Under Lee Iacocca’s leadership, Chrysler printed bales of money by designing a small, front-wheel-drive van based on the versatile K platform. Chrysler didn’t invent the minivan, of course, but those first 1984 Dodge Caravans and Plymouth Voyagers instantly put small vans square in the middle of the American vehicle mainstream (and began the long downward spiral of the station wagon here). For the 1991 model year, the second generation of Chrysler minivans hit our roads, and they were bigger, better-appointed and available with all-wheel-drive. Here’s one of those early second-gen vans, found in a Denver-area boneyard a few months back.
The 1984 Voyager was a genuine minivan, scaling in at a mere 2,984 pounds (about the same as the current Toyota Corolla). The wheelbases of the second-generation Voyager and Grand Voyager grew just a fraction of an inch longer, but the vans themselves got longer and heavier anyway. The curb weight of today’s Junkyard Gem was 4,008 pounds.
By 1993, minivans were under sales assault by a new crop of SUVs, particularly the Ford Explorer (which debuted for the 1991 model year) and Chrysler’s own Jeep Grand Cherokee (which first appeared as a 1993 model). Chrysler’s XJ Cherokee had been siphoning away minivan sales since Day One, having first hit Jeep showrooms at the same time as the first Voyagers and Caravans went on sale.
Still, the 1993 Caravan/Grand Caravan, Voyager/Grand Voyager and Town & Country obliterated those trucks when it came to usable interior space, safety, ride comfort and fuel economy.
Plymouth used the Voyager name on rebadged Dodge Sportsman full-size vans from the 1974 through 1983 model years, during which time Chrysler attempted to sell their big fuel-swilling passenger vans as sensible station wagons.
The Grand Voyager had a wheelbase stretch of just over seven inches versus that of the regular Voyager; the SE was the lower of the two trim levels available for the AWD-equipped version in 1993.

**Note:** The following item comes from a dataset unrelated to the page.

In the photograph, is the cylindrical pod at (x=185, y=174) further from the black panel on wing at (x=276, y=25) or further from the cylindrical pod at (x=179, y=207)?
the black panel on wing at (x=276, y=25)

In 1993, base-grade front-wheel-drive Voyagers had 2.5-liter Chrysler four-cylinder engines as standard equipment, while front-wheel-drive Grand Voyagers got Mitsubishi 6G72 V6 engines. If you bought a new all-wheel-drive Grand Voyager that year, your van had this Chrysler 3.3-liter pushrod V6, rated at 150 horsepower and 180 pound-feet. Sadly, Chrysler stopped installing turbocharged 2.2 engines in their minivans after 1990.
While five-speed manual transmissions were available on four-cylinder Caravans and Voyagers all the way through 1995, the six-banger Chrysler minivans all had mandatory automatics.
Chrysler was a major airbag innovator, being among the earliest manufacturers to install this lifesaving feature as standard equipment. A driver’s-side airbag was included with every Chrysler minivan starting with the 1991 model year.
We take all-wheel-drive for granted today, but even Subaru was still selling four-wheel-drive cars (in which the driver had to select the drive mode manually) in 1993.
There are big AWD badges all over this van, which makes sense considering that Chrysler was vying for sales with other all-wheel-drive minivans (such as the Toyota Previa All-Trac).
The MSRP was $20,035, or about $42,622 in 2023 dollars. The air conditioning was standard equipment in the Grand Caravan SE AWD, but this AM/FM/cassette radio added $165 ($351 today) to the cost.
Well over a quarter-million miles were on the odometer when this van’s driving career came to an abrupt end.
The airbag didn’t deploy when the crash happened, so either its system malfunctioned or this van got smashed while parked.
Come to the Minivan Store!
The (Canadian) family that drives a Chrysler minivan together, stays together.
Here we can see the first-generation Chrysler minivan balloon into the second-generation version. The evolution of the minivan is now complete.